A hundred or so years after Comenius and Milton it was the French philosopher Jean-Jacques Rousseau, a cantankerous figure who gave all his own children away, who advocated a consistently naturalistic approach to education. In his book, “Emile”2, (1762) he maintained that a child is naturally good and only made wicked by his environment, the exact opposite to what the Puritans had taught when they said that every child needed ‘Original Sin’ knocked out of them. “Childhood has its ways of seeing, thinking and feeling which are proper to it. Nothing is less sensible than to want to substitute ours (way of thinking) for theirs”3. Understand the child, Rousseau argued, and you will then know how it should be educated. Give them space, and the time to grow up slowly. Froebel4 extended this when he stated that education has to respect the sensitive, inquisitive child who has an unbridled curiosity and genuine respect for nature, family and society. A reasoning, creative child would later have few problems learning to read, write and calculate. So wrote the philosophers, yet ordinary people left to their own devices, knew all this quite intuitively, and many of them have learnt so well from their environments that they have gone on to change the world.

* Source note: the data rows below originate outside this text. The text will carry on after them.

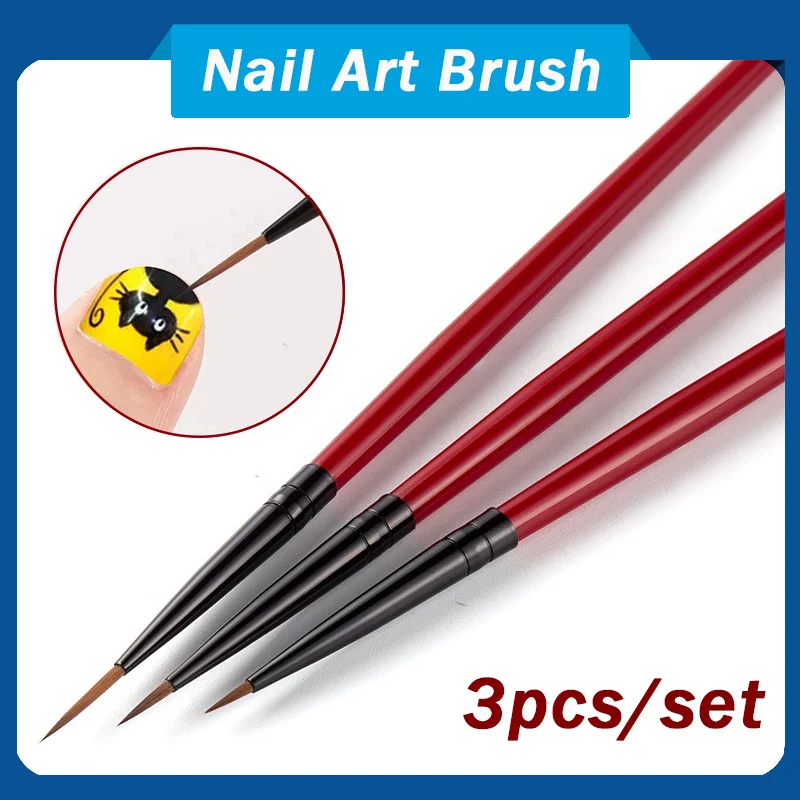 

3pcs/set DIY French Tips Manicure Nail Art Liner Painting Pattern Painting Thin Stripe Line Nail Liner Pen Nail Painting Brush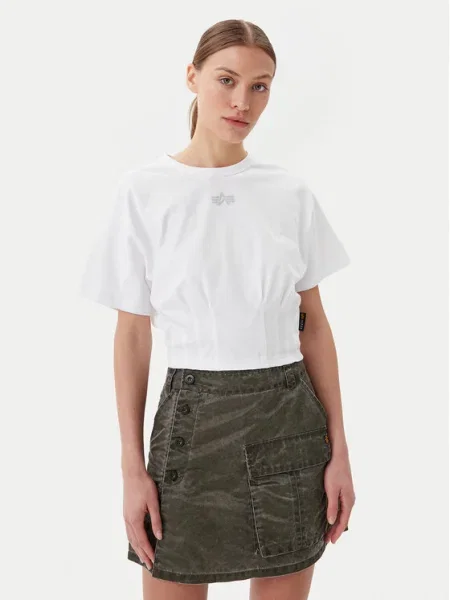 Alpha Industries Tricou Waisted alb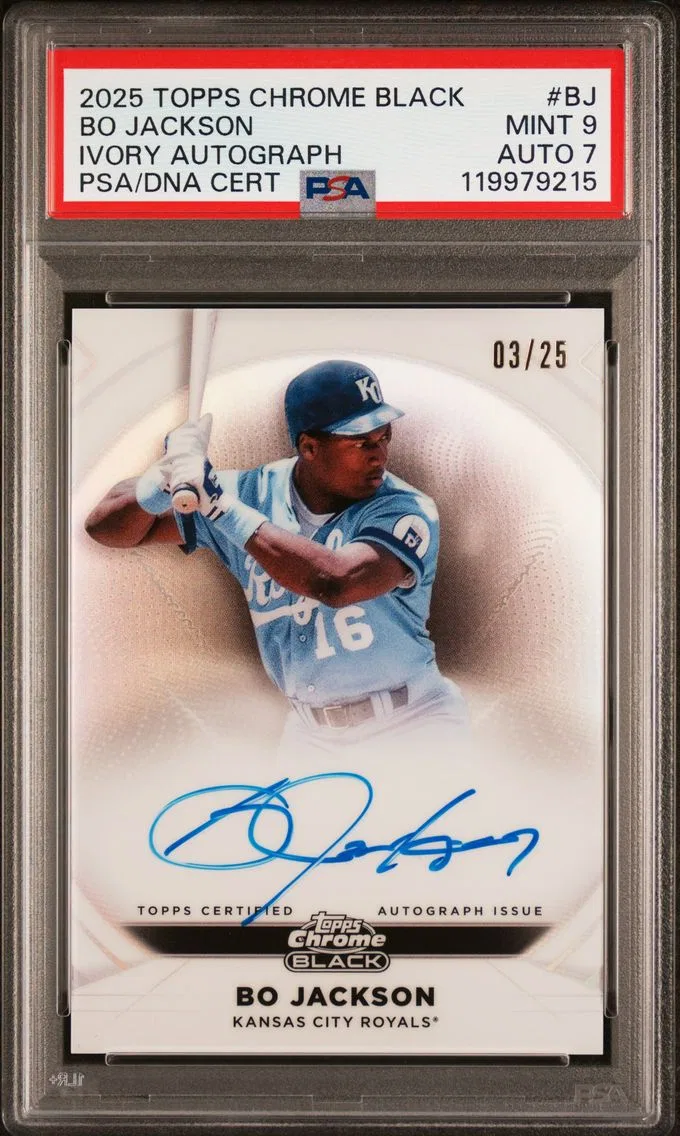 2025 #BJ Bo Jackson PSA 9 Topps Chrome Black Ivory Autographs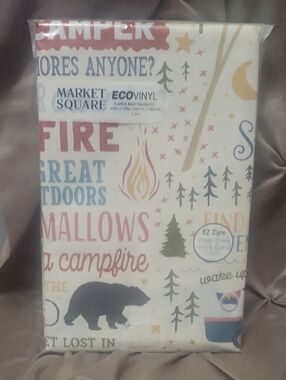 Market Square EcoVinyl Camper Campfire Print Tablecloth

One such was William Harrison5, son of a Yorkshire carpenter born in 1693, who never even went to school or served an apprenticeship. As a youth he became fascinated by clocks and at the age of twenty built a most unusual pendulum clock almost entirely of wood. It was a pretty reliable timekeeper, and it still works today. Then he learnt that the British Admiralty were desperate to find a clock that could keep perfect time onboard a ship, however tempestuous the seas might be, for only then would sailors be able to use a sextant to compute their ship’s exact position and avoid shipwreck. It took Harrison an amazing forty long years to build this clock which was so accurate that after a passage of eighty-one days to Port Royale in Jamaica in January 1759 the clock lost only five seconds. In the years before global positioning systems Harrison saved the lives of countless sailors.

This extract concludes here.